Exercise aim: Your task is to restate word for word the lines in the material below, from the one with "A woman modeling" up to and including the one with "Durlovski as Queen". Do not carry over the pictures.

Supplied entries:
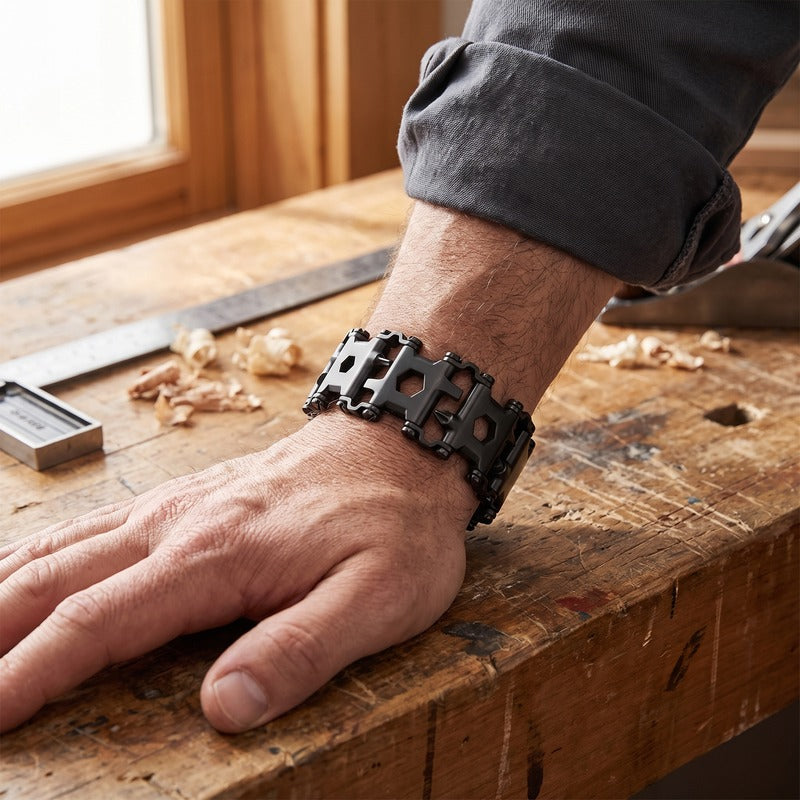 Bracelet homme outil noir porté au poignet sur un établi d'atelier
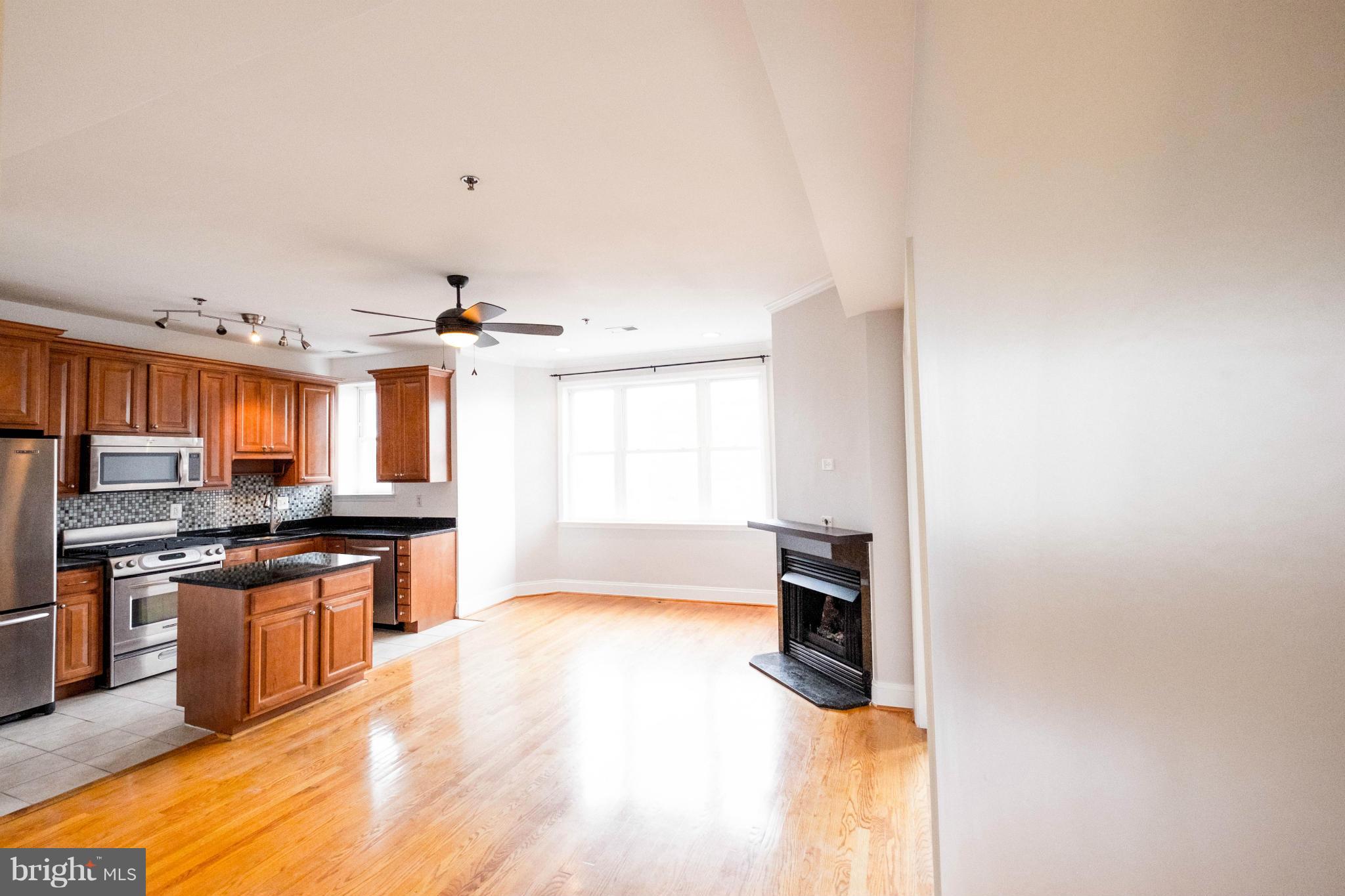 1438 Columbia Road Northwest, Unit 401 Washington, DC 20009 - Photo 1 of 10 a kitchen with granite countertop a stove top oven and sink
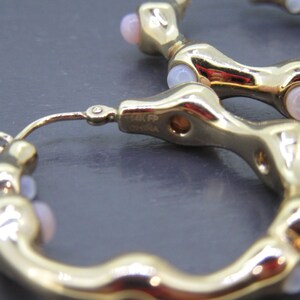 May include: Close-up of gold-toned hoop earrings with a unique, textured design. Each earring features small, light pink gemstones. The earrings are marked "14K FP China".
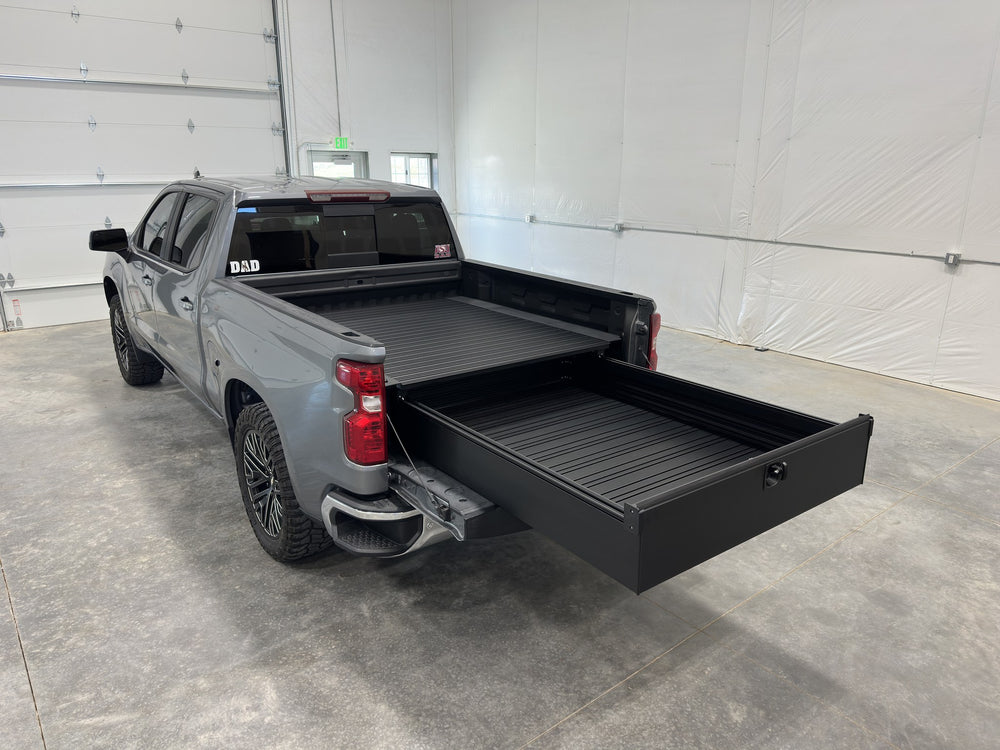 Silver Bullet drawer system fully extended from a gray 2021 Chevrolet Silverado 1500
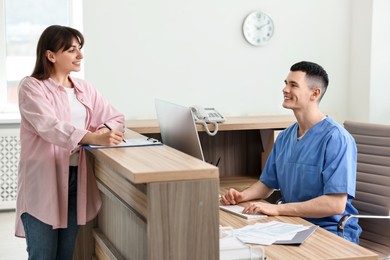 Smiling medical assistant working with patient at hospital reception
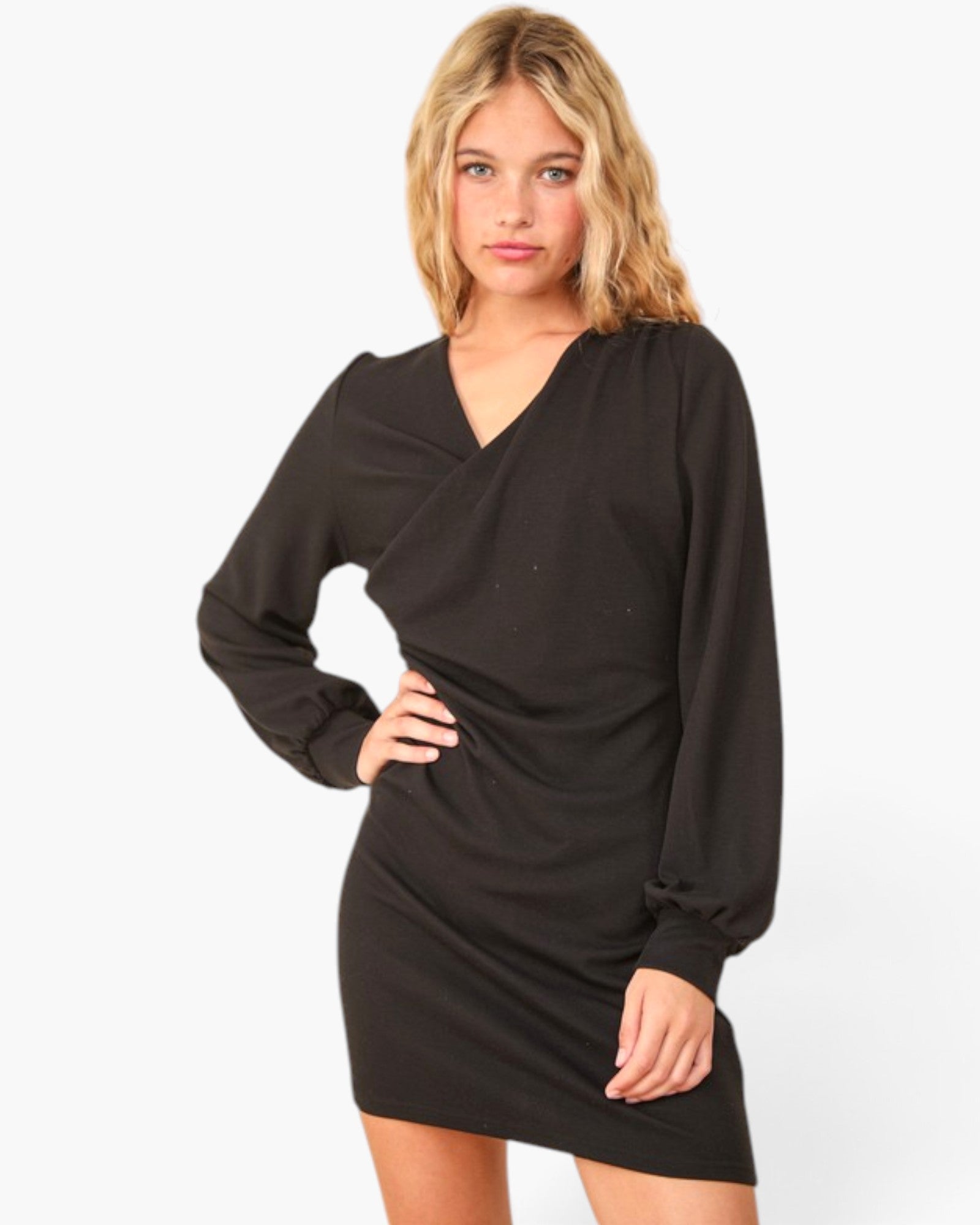 A woman modeling a black long-sleeve wrap-style mini dress against a plain white studio background.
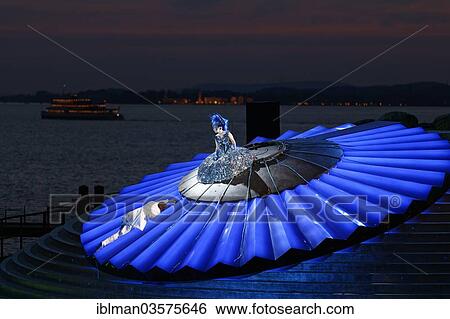 Stock Photograph - "Ana Durlovski as Queen of the Night and Rainer Trost as Tamino in The Magic Flute by Wolfgang Amadeus Mozart, opera performance on the floating stage on Lake Constance, Bregenz Festival 2013, Bregenz, Vorarlberg, Austria, Europe". Fotosearch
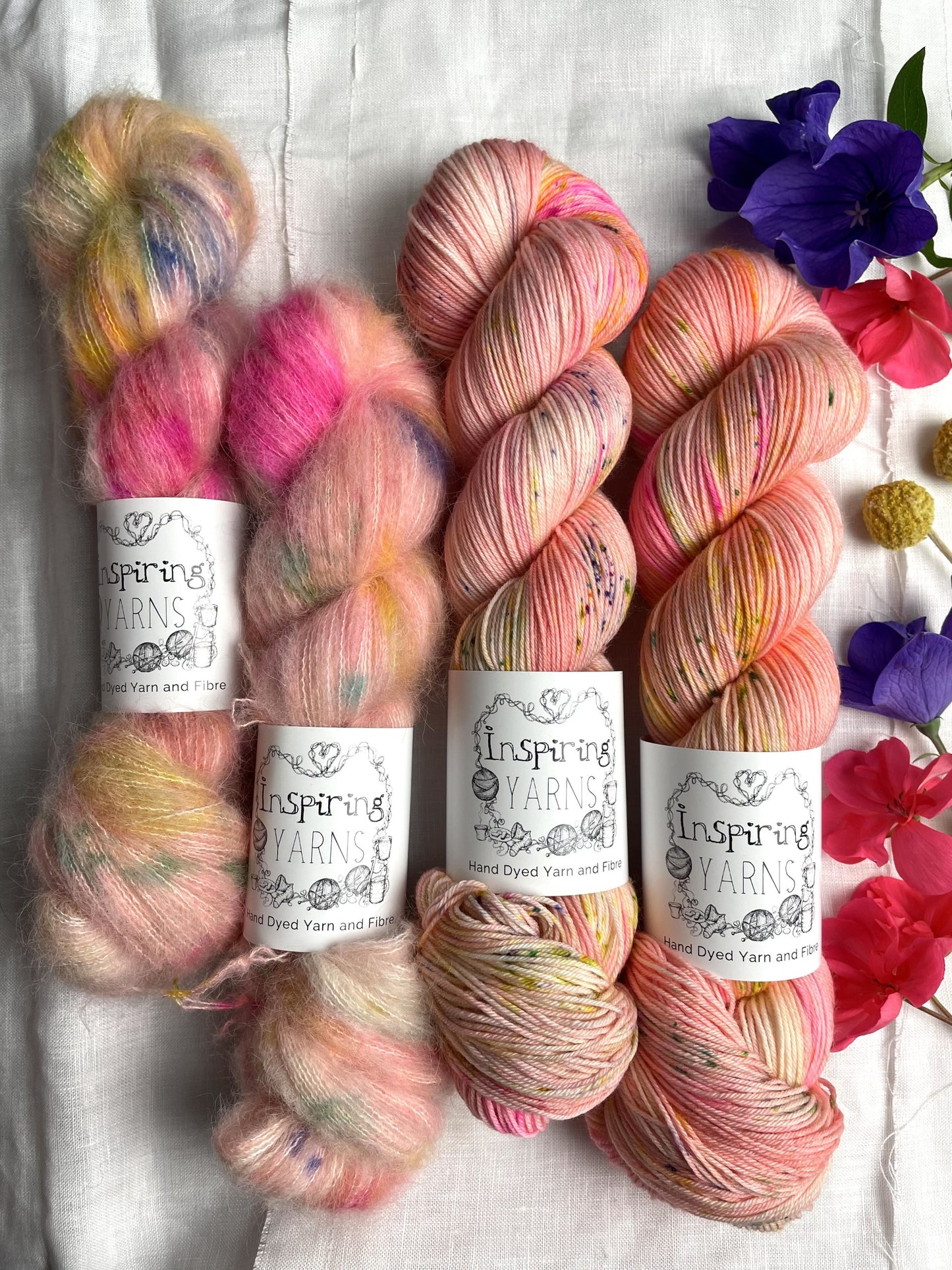 Four skeins of yarn in a soft peach speckled colourway on a white linen background with some real fowers. The two skeins on the left are Brushed Suri Alpaca Lace and the two on the right are Merino Smooth Sock.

Answer space:
 A woman modeling a black long-sleeve wrap-style mini dress against a plain white studio background.
 Stock Photograph - "Ana Durlovski as Queen of the Night and Rainer Trost as Tamino in The Magic Flute by Wolfgang Amadeus Mozart, opera performance on the floating stage on Lake Constance, Bregenz Festival 2013, Bregenz, Vorarlberg, Austria, Europe". Fotosearch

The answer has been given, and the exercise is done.